Re: [PATCH v3 0/2] libnvdimm/e820: Add a new parameter to configure many regions per e820 entry

Pasha Tatashin <pasha.tatashin@xxxxxxxxxx> · Thu, 28 Aug 2025 22:40:11 -0400

On Thu, Aug 28, 2025 at 8:48 PM Ira Weiny <ira.weiny@xxxxxxxxx> wrote:
>
> Michał Cłapiński wrote:
> > On Tue, Jul 1, 2025 at 2:05 PM Michał Cłapiński <mclapinski@xxxxxxxxxx> wrote:
> > >
> > > On Wed, Jun 25, 2025 at 11:16 PM Ira Weiny <ira.weiny@xxxxxxxxx> wrote:
> > > >
> > > > Michal Clapinski wrote:
> > > > > This includes:
> > > > > 1. Splitting one e820 entry into many regions.
> > > > > 2. Conversion to devdax during boot.
> > > > >
> > > > > This change is needed for the hypervisor live update. VMs' memory will
> > > > > be backed by those emulated pmem devices. To support various VM shapes
> > > > > I want to create devdax devices at 1GB granularity similar to hugetlb.
> > > > > Also detecting those devices as devdax during boot speeds up the whole
> > > > > process. Conversion in userspace would be much slower which is
> > > > > unacceptable while trying to minimize
> > > >
> > > > Did you explore the NFIT injection strategy which Dan suggested?[1]
> > > >
> > > > [1] https://lore.kernel.org/all/6807f0bfbe589_71fe2944d@xxxxxxxxxxxxxxxxxxxxxxxxx.notmuch/
> > > >
> > > > If so why did it not work?
> > >
> > > I'm new to all this so I might be off on some/all of the things.
> > >
> > > My issues with NFIT:
> > > 1. I can either go with custom bios or acpi nfit injection. Custom
> > > bios sounds rather aggressive to me and I'd prefer to avoid this. The
> > > NFIT injection is done via initramfs, right? If a system doesn't use
> > > initramfs at the moment, that would introduce another step in the boot
> > > process. One of the requirements of the hypervisor live update project
> > > is that the boot process has to be blazing fast and I'm worried
> > > introducing initramfs would go against this requirement.
> > > 2. If I were to create an NFIT, it would have to contain thousands of
> > > entries. That would have to be parsed on every boot. Again, I'm
> > > worried about the performance.
> > >
> > > Do you think an NFIT solution could be as fast as the simple command
> > > line solution?
> >
> > Hello,
> > just a follow up email. I'd like to receive some feedback on this.
>
> Apologies.  I'm not keen on adding kernel parameters so I'm curious what
> you think about Mike's new driver?[1]

Hi Ira,

Mike's proposal and our use case are different.

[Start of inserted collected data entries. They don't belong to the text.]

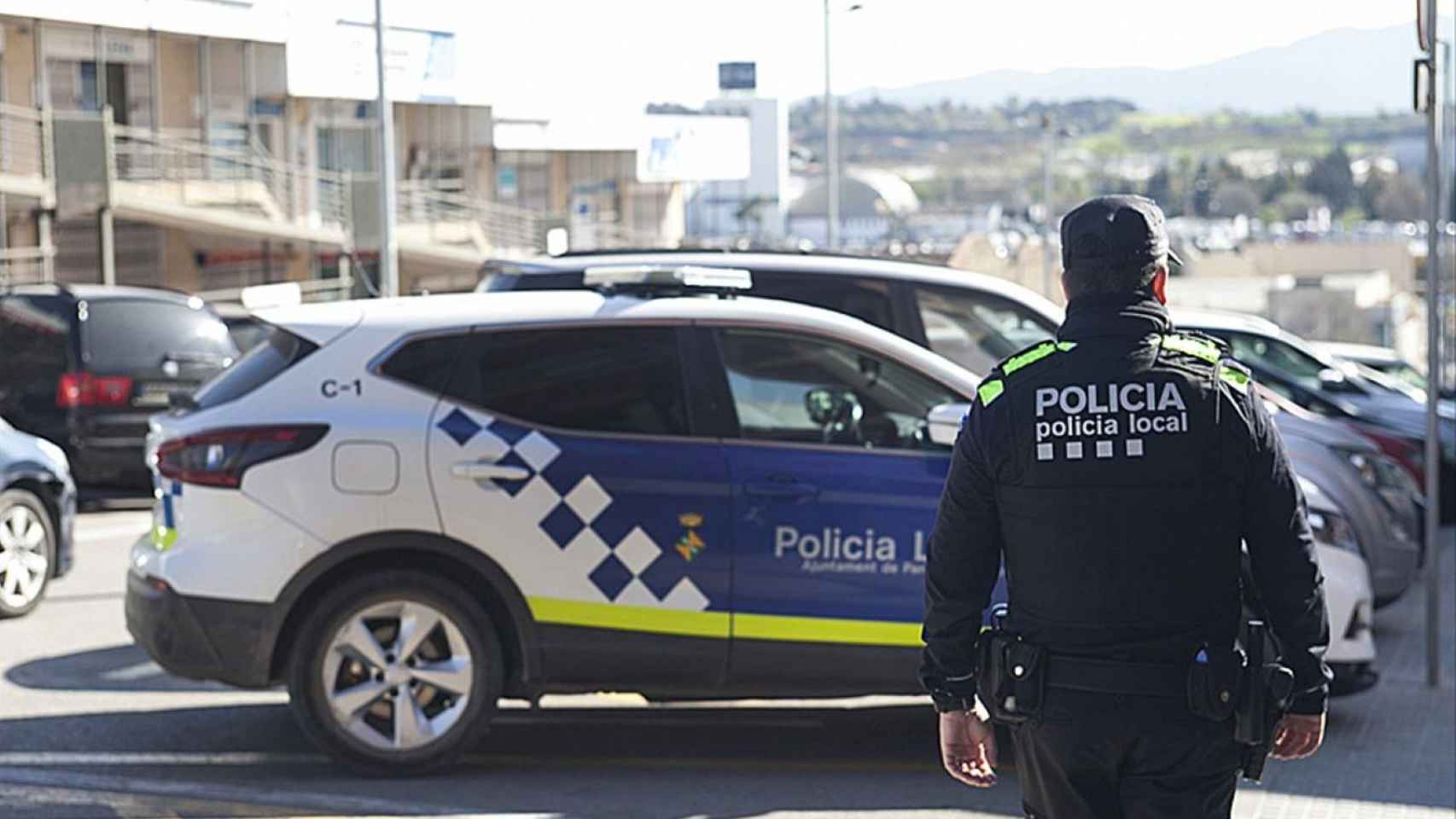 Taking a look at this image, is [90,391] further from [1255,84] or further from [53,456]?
[1255,84]

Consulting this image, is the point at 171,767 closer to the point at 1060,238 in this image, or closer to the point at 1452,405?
the point at 1060,238

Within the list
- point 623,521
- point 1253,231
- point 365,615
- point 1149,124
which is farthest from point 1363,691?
point 1253,231

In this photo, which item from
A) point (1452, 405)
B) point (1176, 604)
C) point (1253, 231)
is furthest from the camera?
point (1253, 231)

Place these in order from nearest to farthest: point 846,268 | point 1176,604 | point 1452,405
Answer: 1. point 1176,604
2. point 846,268
3. point 1452,405

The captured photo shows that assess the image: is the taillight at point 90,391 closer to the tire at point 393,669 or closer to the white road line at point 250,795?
the white road line at point 250,795

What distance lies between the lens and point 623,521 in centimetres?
757

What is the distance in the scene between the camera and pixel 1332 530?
9164 millimetres

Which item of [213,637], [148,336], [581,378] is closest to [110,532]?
[148,336]

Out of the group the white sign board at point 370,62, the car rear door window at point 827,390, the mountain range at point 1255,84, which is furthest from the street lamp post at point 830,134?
the car rear door window at point 827,390

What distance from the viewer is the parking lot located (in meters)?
7.37

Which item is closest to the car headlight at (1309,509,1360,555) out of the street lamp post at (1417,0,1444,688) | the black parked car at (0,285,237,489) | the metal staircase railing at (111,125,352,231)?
the street lamp post at (1417,0,1444,688)

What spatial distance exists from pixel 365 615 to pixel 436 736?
0.48 meters

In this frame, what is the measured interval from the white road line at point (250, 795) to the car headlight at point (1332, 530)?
3.66 meters

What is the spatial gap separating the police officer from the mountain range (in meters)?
24.4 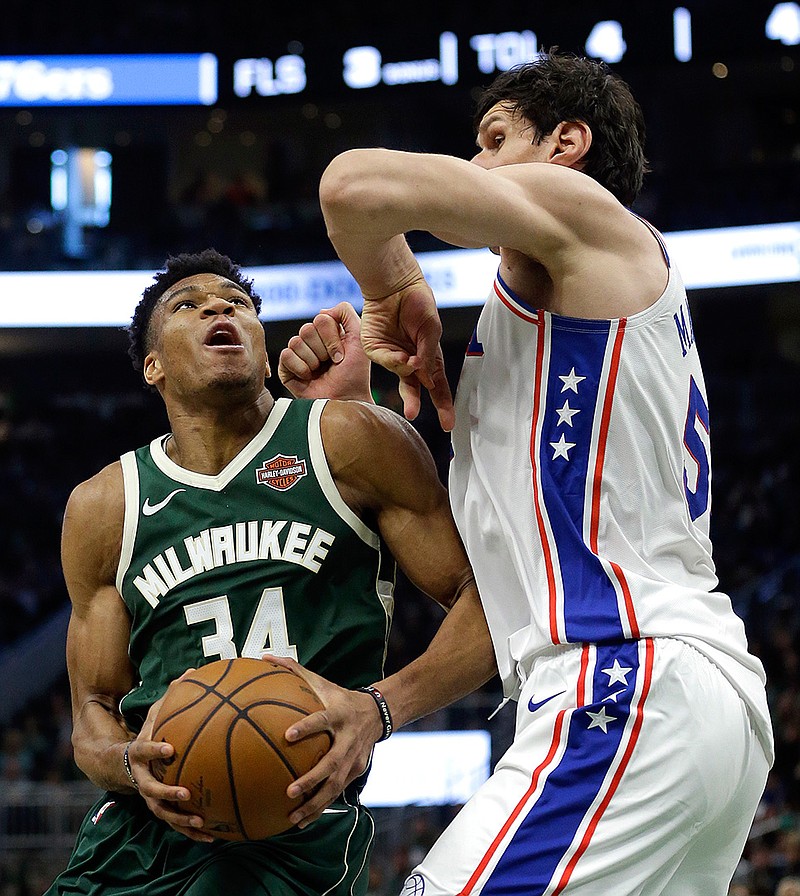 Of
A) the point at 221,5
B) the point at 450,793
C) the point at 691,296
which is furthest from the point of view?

What we're proposing is a way to automatically convert emulated PMEM
into DAX/FSDAX during boot and subdivide it into page-aligned chunks
(e.g., 1G/2M). We have a userspace agent that then manages these
devdax devices, similar to how HugeTLB pages are handled, allowing the
chunks to be used in a cloud environment to support guest memory for
live updates.

To be clear, we are not trying to make the carved-out PMEM region
scalable. The hypervisor's memory allocation stays the same, and these
PMEM/DAX devices are used exclusively for running VMs. This approach
isn't intended for the general-purpose, scalable persistent memory use
case that Mike's driver addresses.

Pasha